[Dataset entries Boundary: Start]

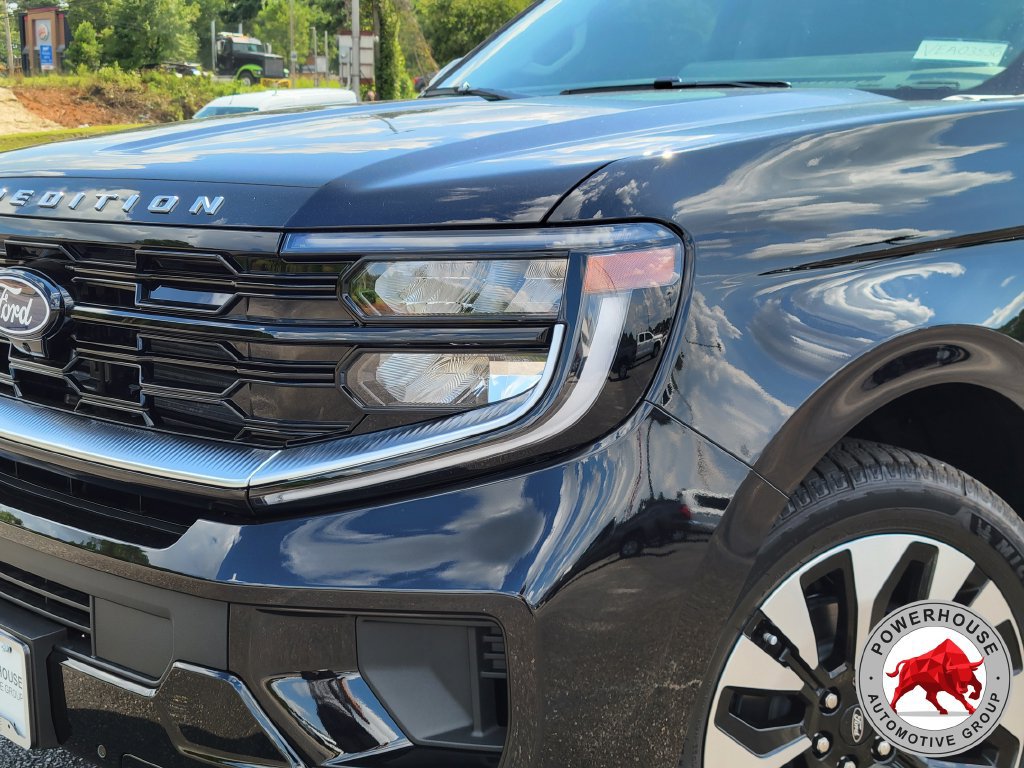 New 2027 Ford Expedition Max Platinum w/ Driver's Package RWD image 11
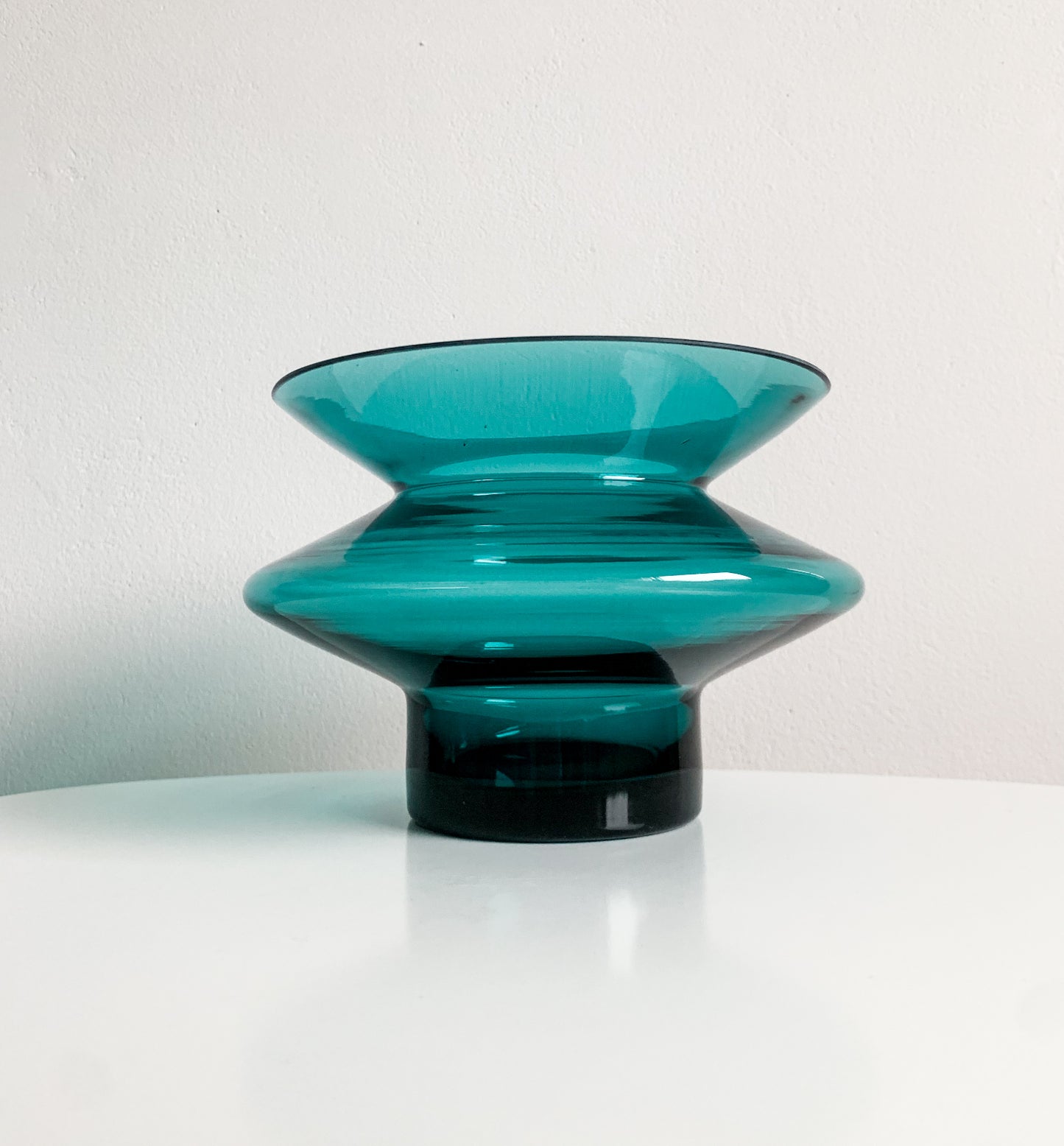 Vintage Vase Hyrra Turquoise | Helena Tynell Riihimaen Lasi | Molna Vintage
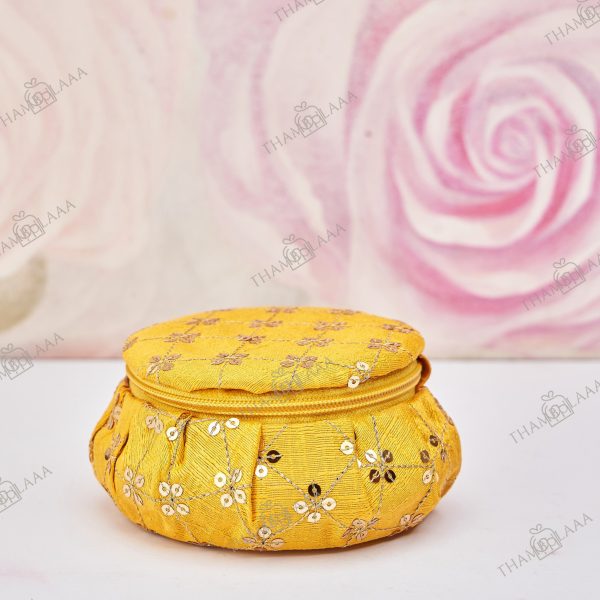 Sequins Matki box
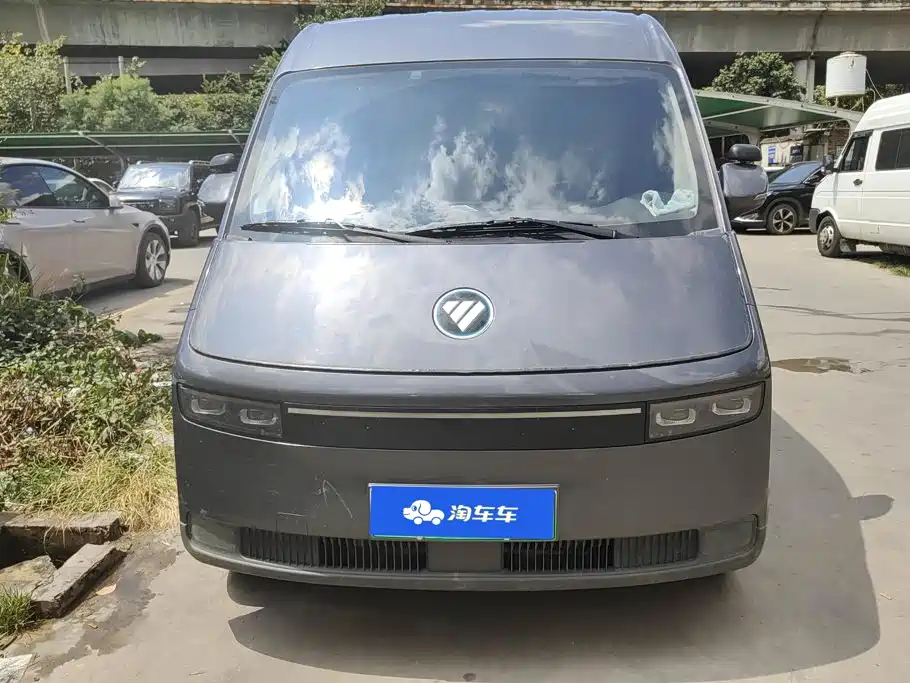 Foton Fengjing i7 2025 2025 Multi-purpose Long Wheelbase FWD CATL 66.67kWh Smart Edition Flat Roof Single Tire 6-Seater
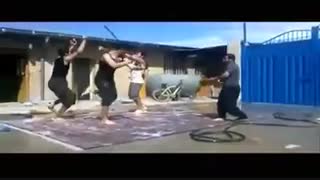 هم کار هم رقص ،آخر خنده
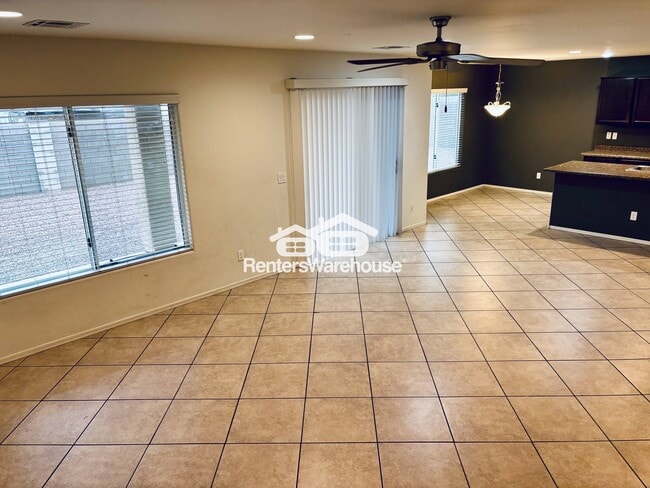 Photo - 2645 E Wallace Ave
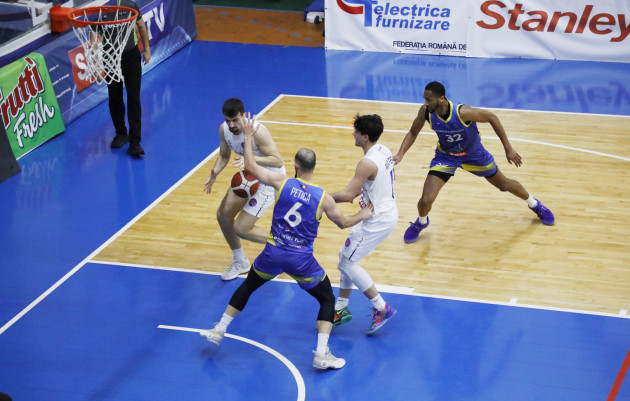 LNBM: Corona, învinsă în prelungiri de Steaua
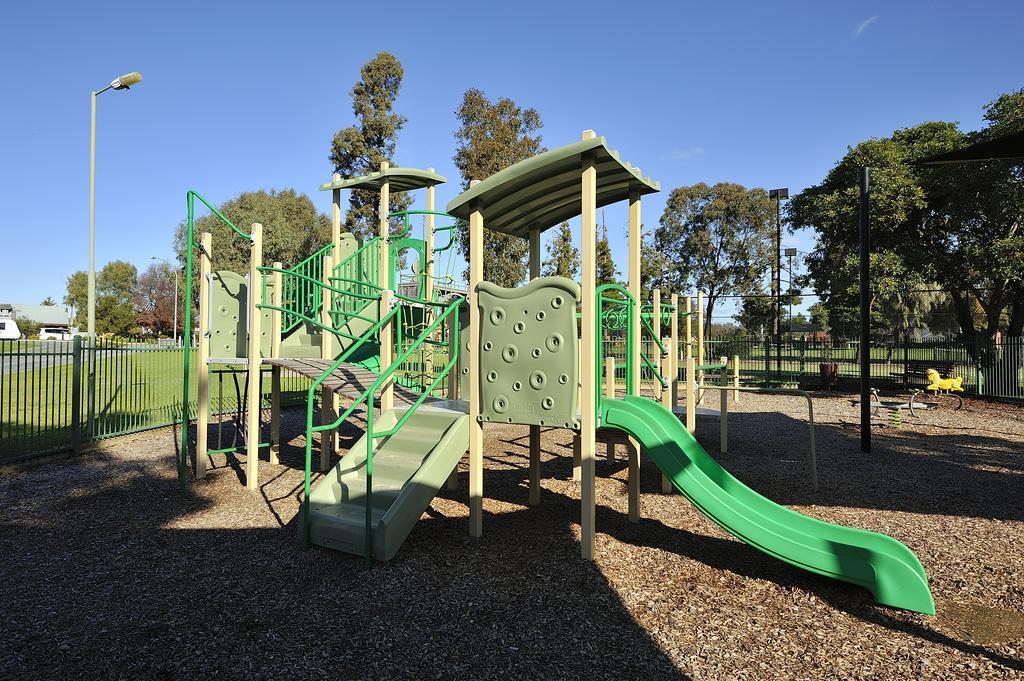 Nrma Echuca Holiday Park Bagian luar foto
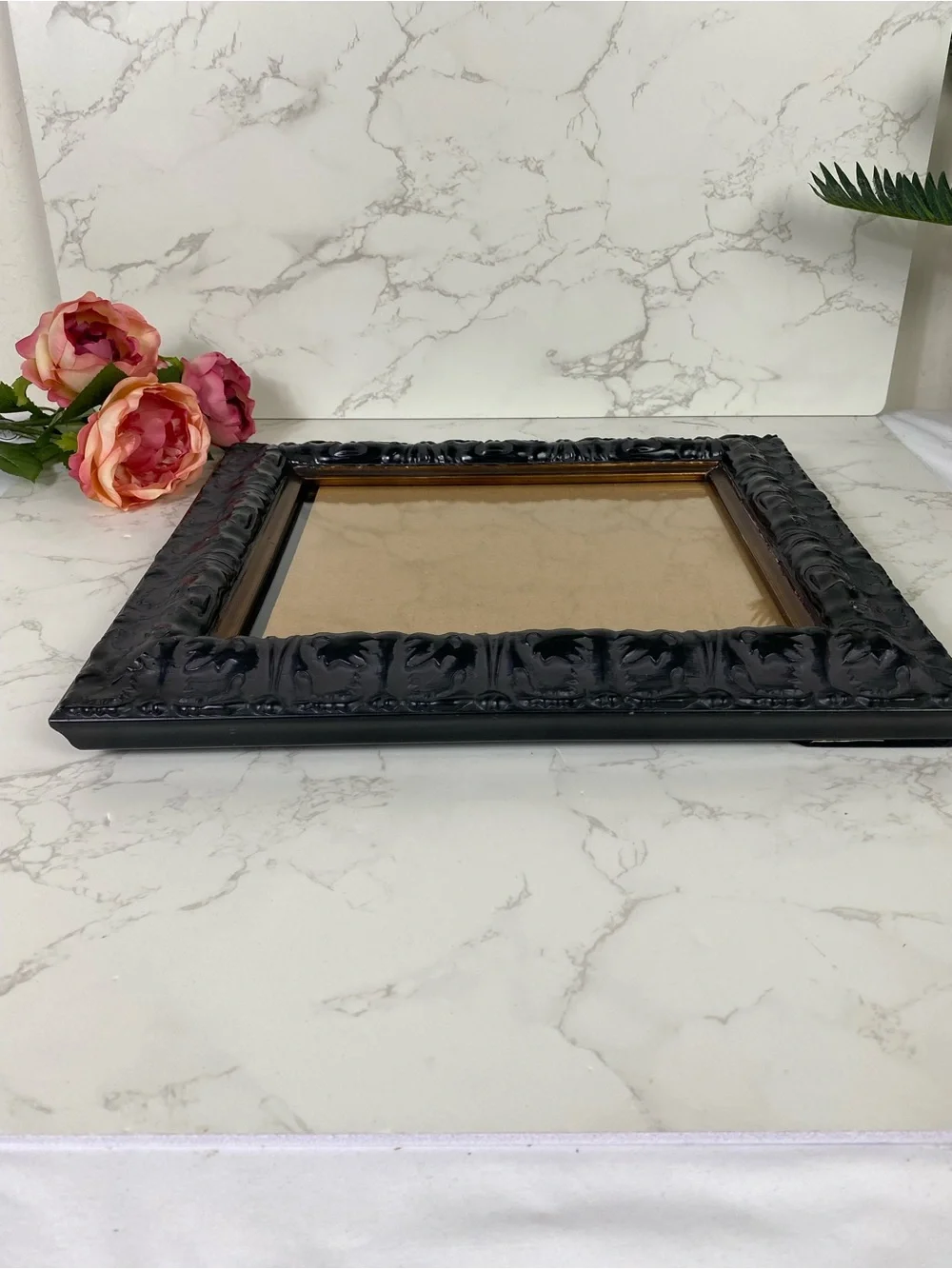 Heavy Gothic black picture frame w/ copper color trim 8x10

[Dataset entries Boundary: End]

_What is being asked_
Set down every entry word for word, but omit the pictures.

_Output below_
 New 2027 Ford Expedition Max Platinum w/ Driver's Package RWD image 11
 Vintage Vase Hyrra Turquoise | Helena Tynell Riihimaen Lasi | Molna Vintage
 Sequins Matki box
 Foton Fengjing i7 2025 2025 Multi-purpose Long Wheelbase FWD CATL 66.67kWh Smart Edition Flat Roof Single Tire 6-Seater
 هم کار هم رقص ،آخر خنده
 Photo - 2645 E Wallace Ave
 LNBM: Corona, învinsă în prelungiri de Steaua
 Nrma Echuca Holiday Park Bagian luar foto
 Heavy Gothic black picture frame w/ copper color trim 8x10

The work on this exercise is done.